## REQUIRED ACTION
From the line that contains "And then go" down to the last line of the data below, restate every line word for word, skipping any images.

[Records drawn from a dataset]
[Start of Attachment]

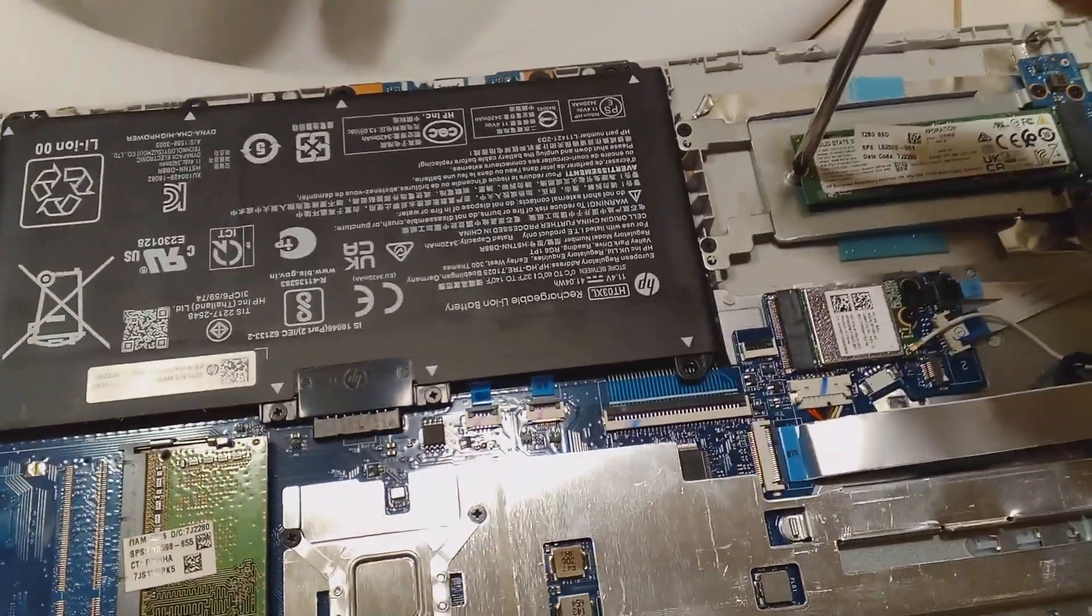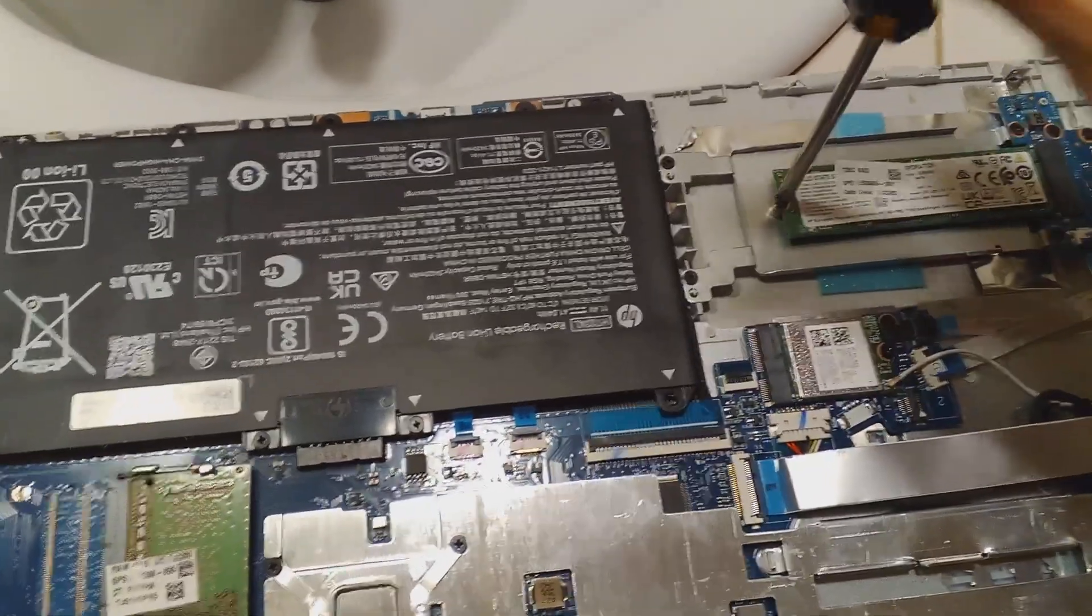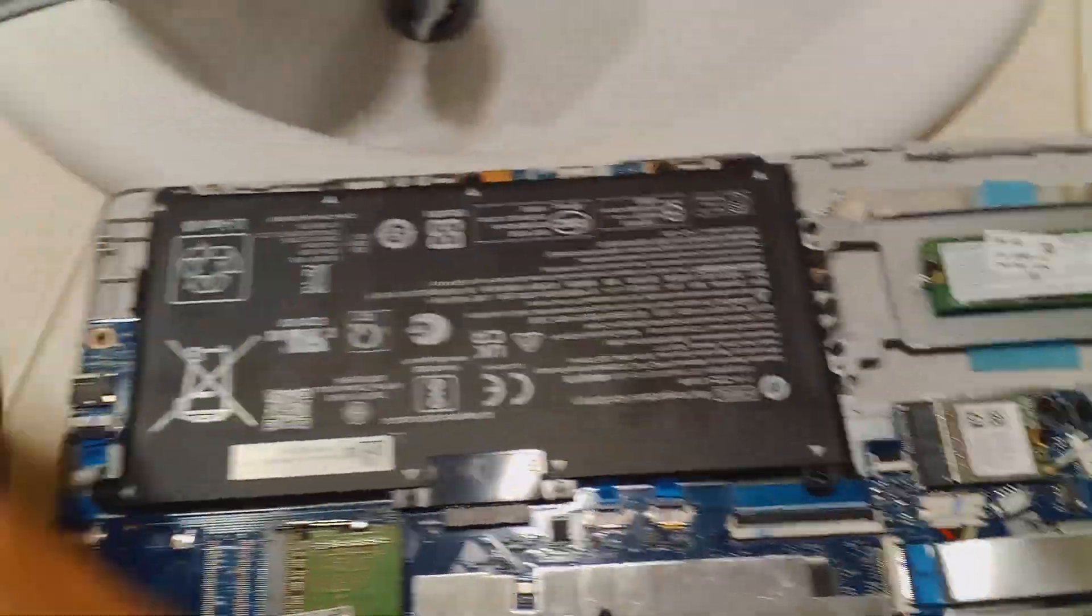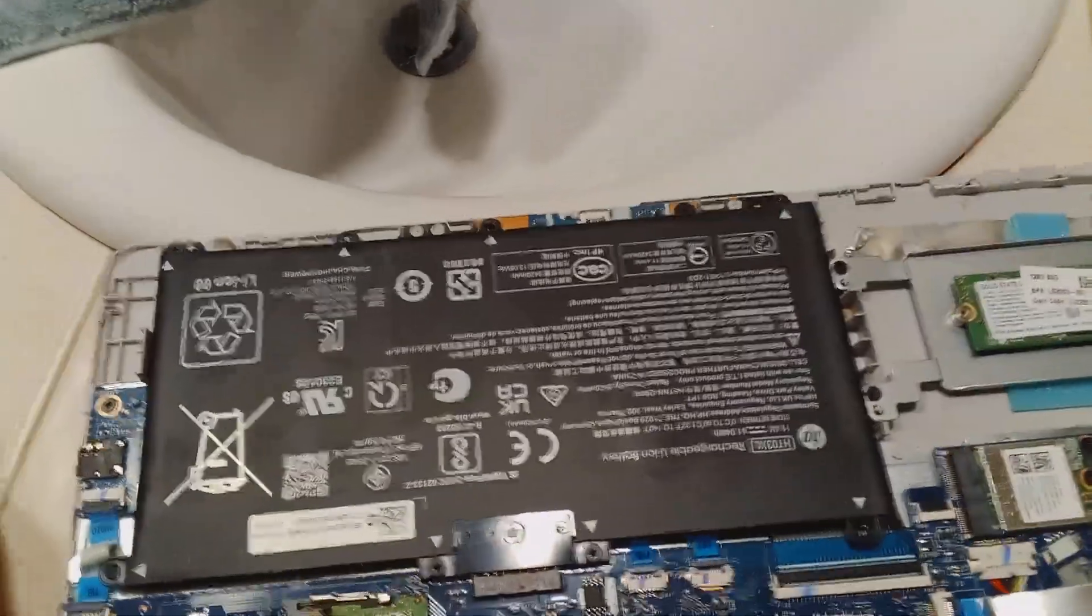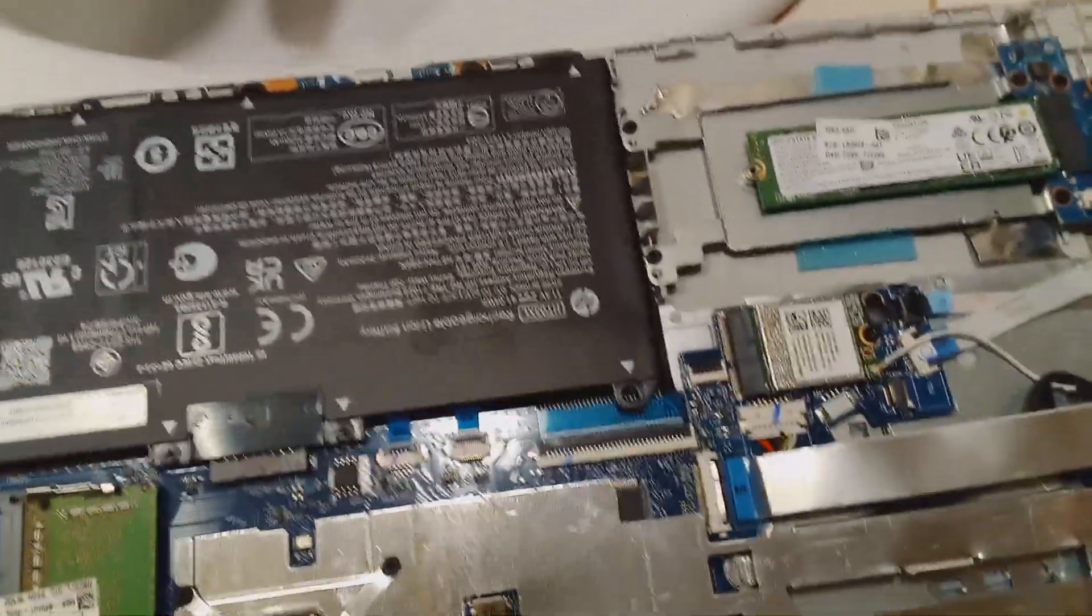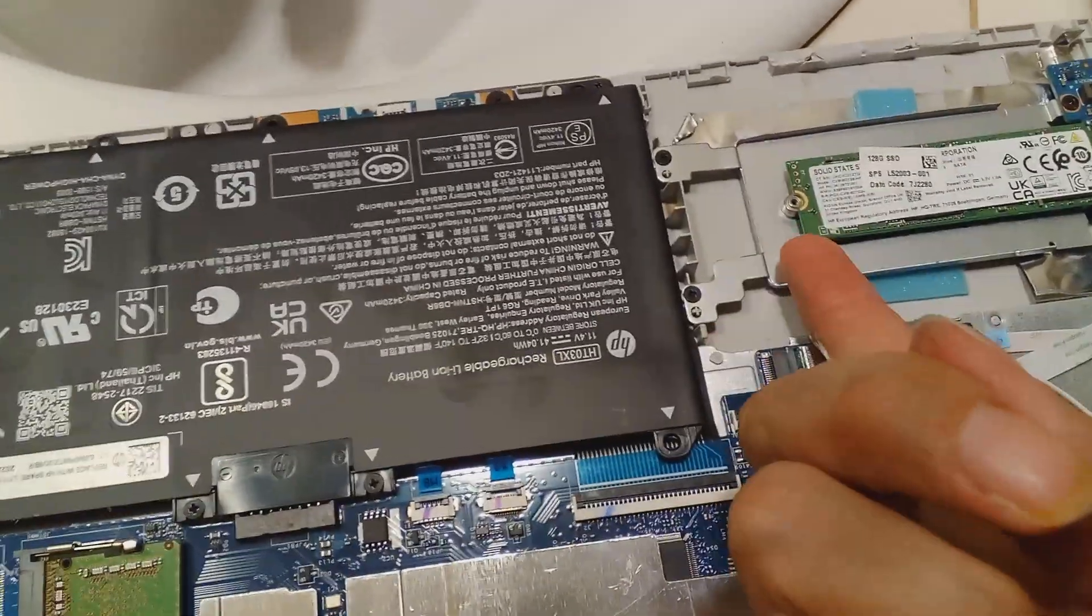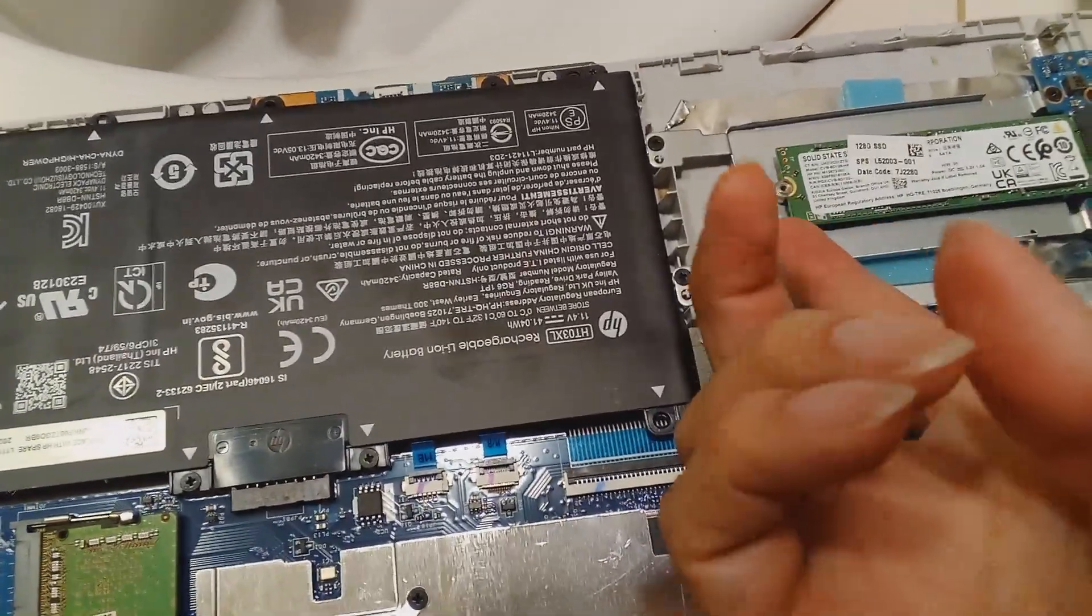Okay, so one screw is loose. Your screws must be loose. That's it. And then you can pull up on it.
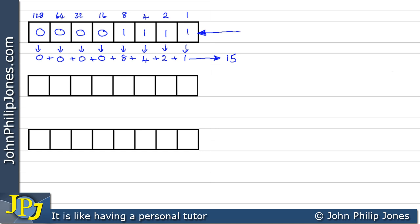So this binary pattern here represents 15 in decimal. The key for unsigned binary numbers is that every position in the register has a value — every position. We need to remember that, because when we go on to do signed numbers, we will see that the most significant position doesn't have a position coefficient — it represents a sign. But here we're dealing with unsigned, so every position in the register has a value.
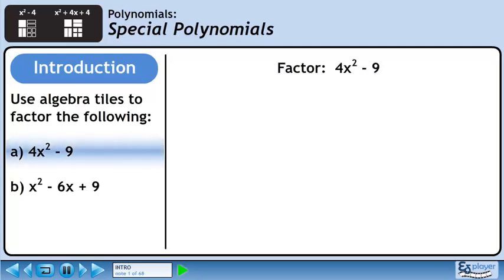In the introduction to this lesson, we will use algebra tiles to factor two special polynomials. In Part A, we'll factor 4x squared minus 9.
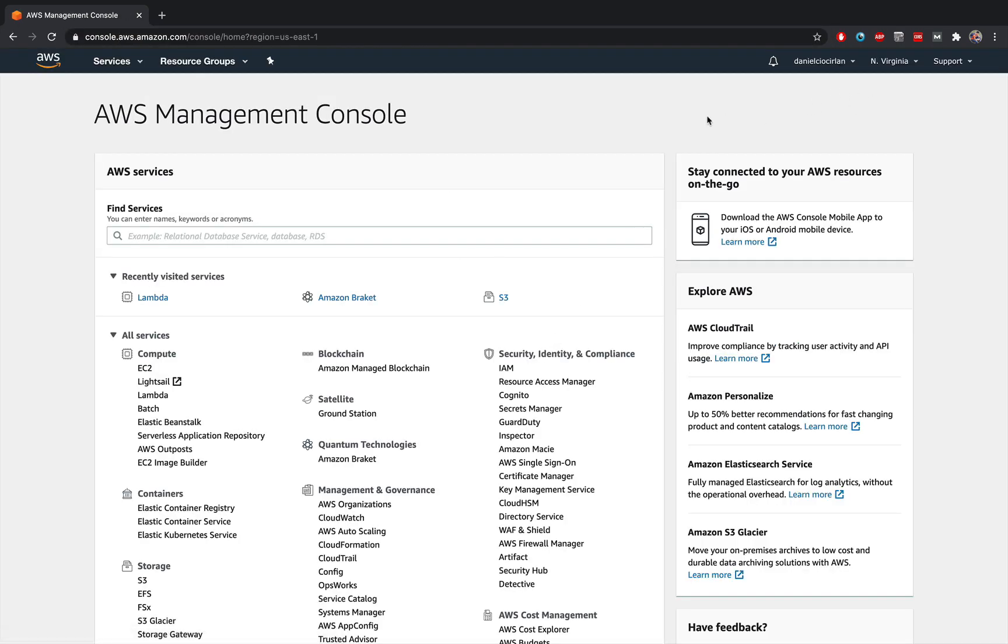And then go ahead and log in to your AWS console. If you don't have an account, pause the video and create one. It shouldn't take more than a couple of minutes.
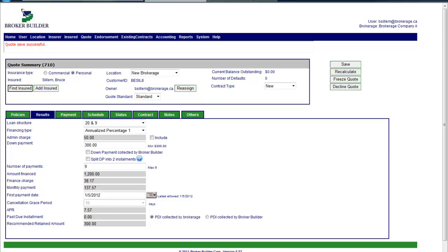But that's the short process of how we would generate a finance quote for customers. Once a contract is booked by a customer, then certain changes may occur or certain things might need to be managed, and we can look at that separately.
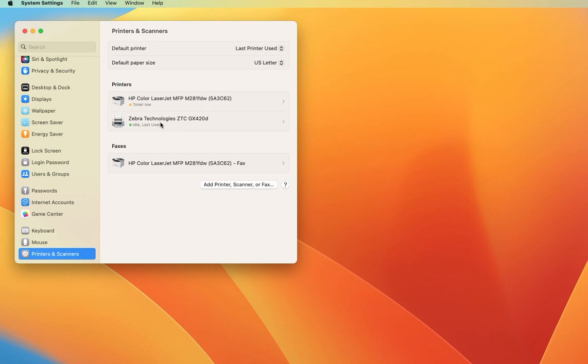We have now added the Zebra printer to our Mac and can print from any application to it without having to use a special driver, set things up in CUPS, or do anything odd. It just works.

[End of Attachment]

## TASK RESPONSE
And then go ahead and log in to your AWS console. If you don't have an account, pause the video and create one. It shouldn't take more than a couple of minutes.
But that's the short process of how we would generate a finance quote for customers. Once a contract is booked by a customer, then certain changes may occur or certain things might need to be managed, and we can look at that separately.
We have now added the Zebra printer to our Mac and can print from any application to it without having to use a special driver, set things up in CUPS, or do anything odd. It just works.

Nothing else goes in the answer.